Due to the injury, I have been confined to my bed most of the time for the last few days. Hence, I have the free time to write this blog post. Given how long I have been inactive on my blog I guess, it's high time I wrote something meaningful (writing about injuring myself may not exactly be a useful read but you may never know). 

So.... under the constraints of my injury, the limited physical spaces of my bed and this horrendously hot weather, I am like a bird clipped of its wings and unable to fly. Apart for feeling horribly frustrated about my current situation, it can be a very appreciative moment to reflect on how lucky all of us are when we can move around and do whatever we want with our legs and hands. 

Now, I think I have a better grasp of how those bedridden people feel like - literally confined to the bed for the rest of their lives. You'd be surprised but not being able to move around on the bed itself is frustrating enough! I am not even talking about running around doing stuff. I used to think lazing on the bed not doing anything would be nice. I now know how wrong that assumption is. I am extremely surprised as to how difficult it is to not doing anything and just lay still on the bed. It really is a pain (in my current context, the pain is both figuratively and literally!). 

Let me try and give you an impression of what it's like to be in my current position. I wake up in the morning, I try to get out of bed, I have to slowly turn myself to be on all fours before I slowly raise my torso upwards. In the process of raising my torso, I'd still feel a sharp pain in my lower back, albeit not as sharp as compared to raising myself in a seated position. When I finally succeed in standing up, I then limp my way to brush my teeth. Believe you me, 10 feet feels like 10 miles with the pain in my back.

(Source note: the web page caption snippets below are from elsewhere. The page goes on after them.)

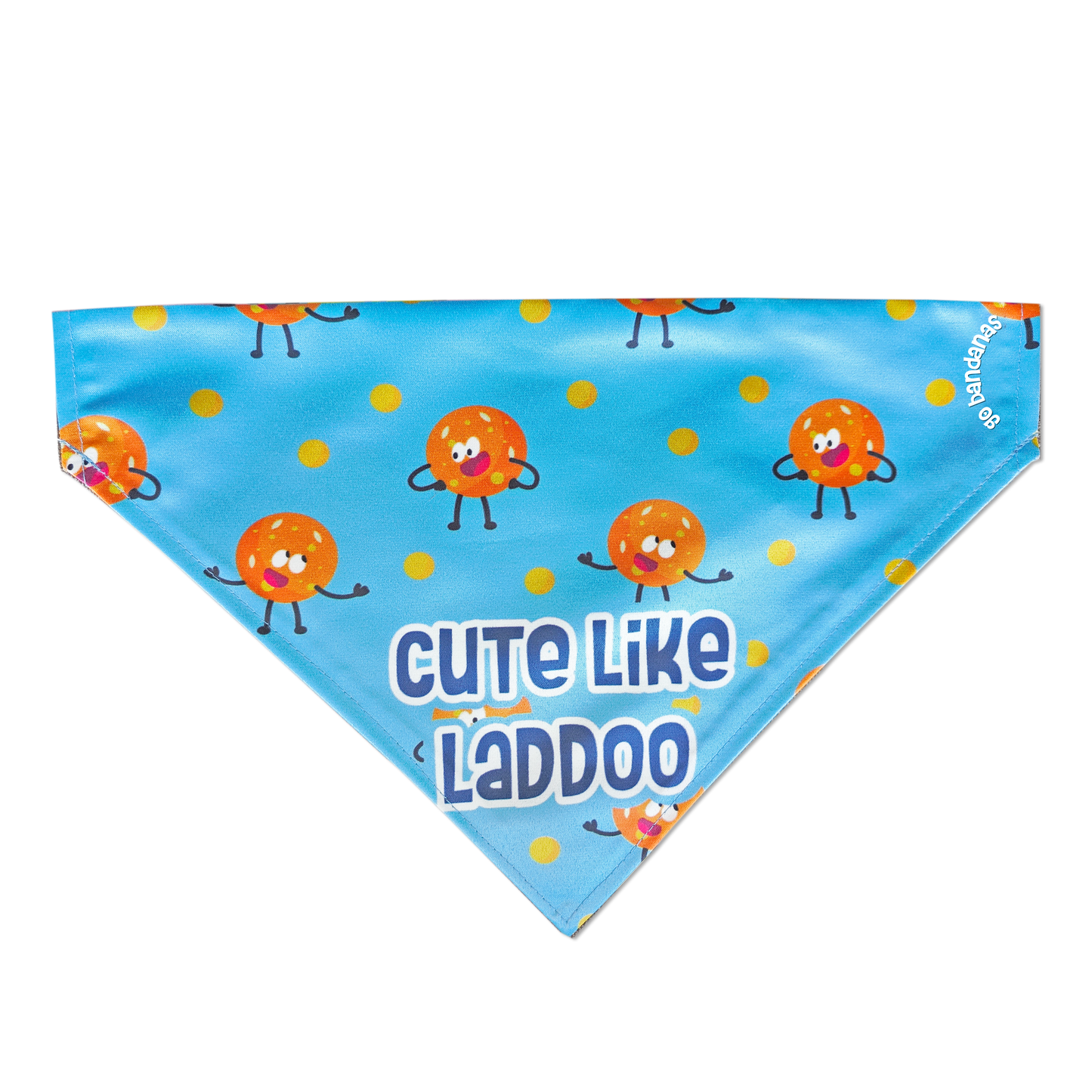 Go Bandanas Reversible Cute Like Laddoo (Blue) & Trouble Maker (Pink) Adjustable Bandana for Pet Dogs & Cats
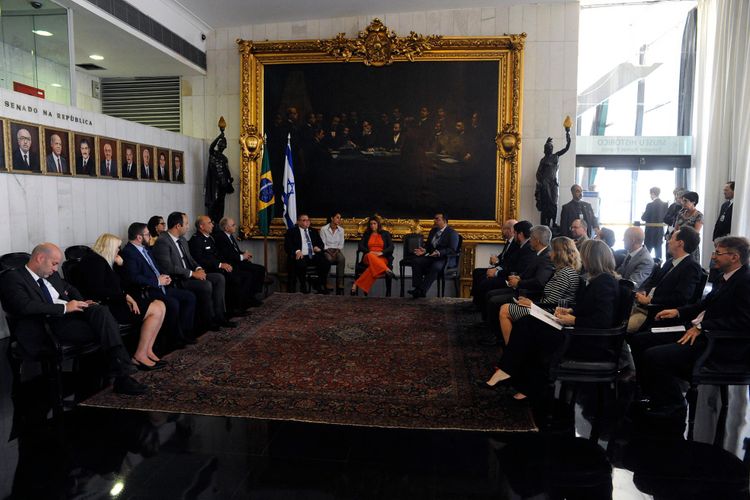 Visita da delegação de Israel
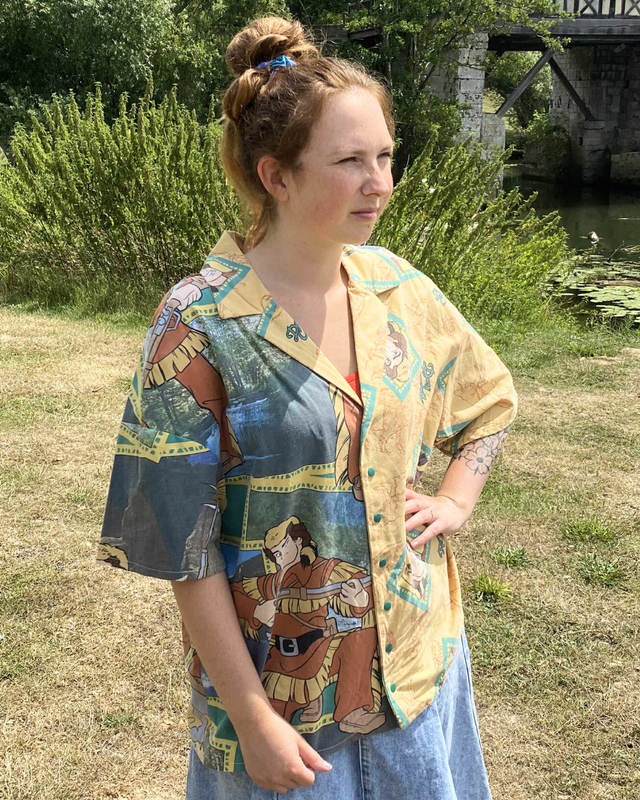 Chemise Upcyclée – Davy Crockett – Taille 38 Unisexe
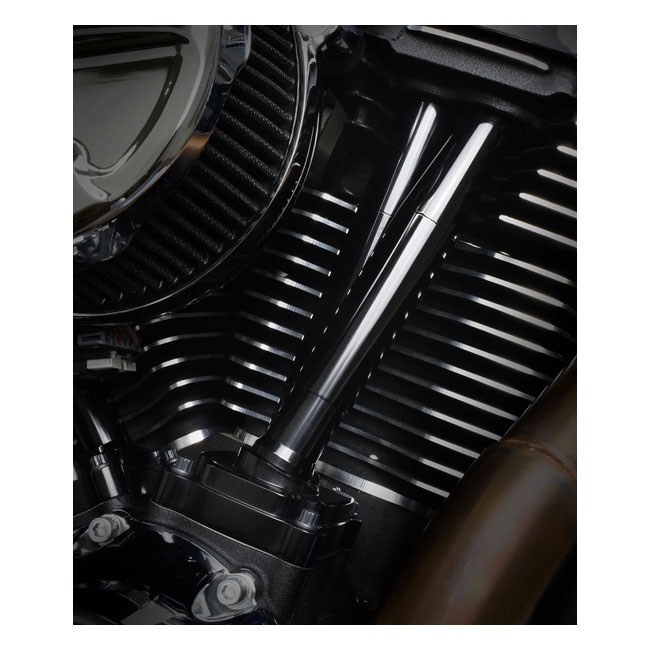 JIMS, M8 low profile tappet and pushrod cover kit. Black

Then I limp to the kitchen, make a hot chocolate and some biscuits, then I limp back to the bed and lie down. I then let the pain subside before grabbing a book to read to kill time. From there, I get up only to answer the call of nature.

Third day of immobility and I can now safely say what a real pain in the back it is to be immobile and knowing there is so little you can do in such a state. It's a taste of the dark side of immobility.